A Promising New Run Estimator: Base Runs

Brandon Heipp

Runs Created and Linear Weights are two examples of run estimators, statistics that attempt to derive runs scored from the components of a batting line. Here, the author summarizes a new statistic developed by David Smyth, which is potentially more accurate than others.

Run estimators are a topic that is extremely common in sabermetrics, much to the annoyance of some who would like to get past the issue and move on to something else. Personally, I am fascinated by them. Anyway, most new run estimators proposed are simply linear weights formulas with slightly different coefficients than previous method. However, some recent work by David Smyth appears to have promise and be an alternative to preexisting measures.

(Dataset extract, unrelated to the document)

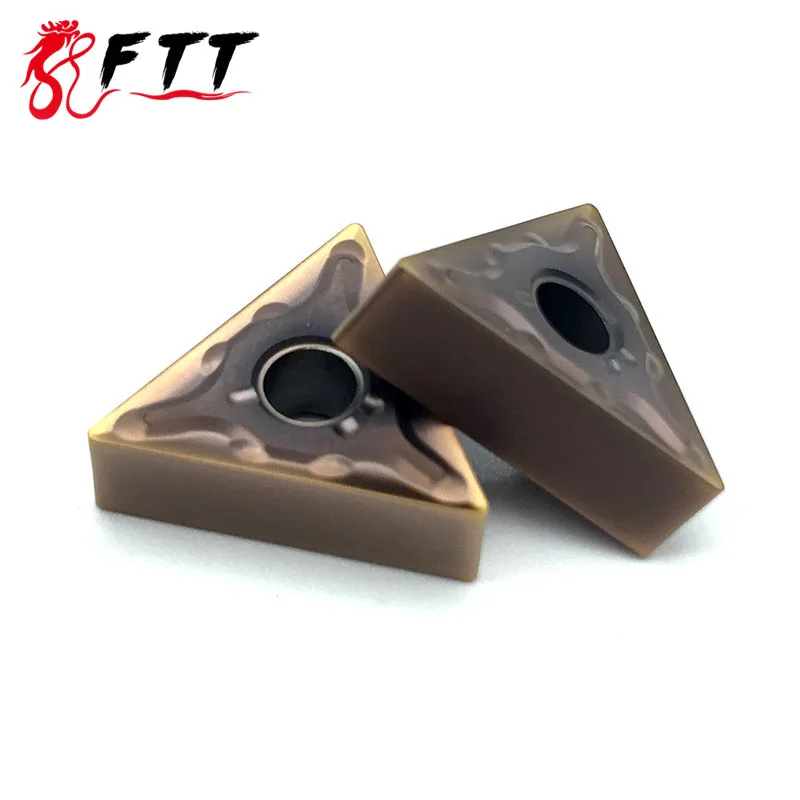 TNMG160404 MA VP15TF H Ngoài Công Cụ Quay Carbide insert chất lượng Cao Lathe cutter Tool Tokarnyy biến chèn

Smyth wrote an article on his Base Runs method which is available at http://www.baseballstuff.com/fraser/articles/basenew.html about a year ago. He has recently updated his work on the Strategy and Sabermetrics forum at FanHome.com (www.fanhome.com).

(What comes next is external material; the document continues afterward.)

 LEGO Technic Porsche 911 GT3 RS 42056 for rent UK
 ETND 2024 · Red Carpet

Base Runs is a team context formula, like Runs Created. It tries to measure the interactivity between offensive events, not just the simple linear values. The basis for BsR is that runs scored equals home runs plus the number of baserunners times the percentage of baserunners who score. As an equation, this is:

A*B/(B+C) + D

A represents baserunners, B is advancement, C is outs, and D is Home Runs.

B/(B+C) is the estimated percentage of baserunners who score, an estimator that Smyth found gives good empirical results.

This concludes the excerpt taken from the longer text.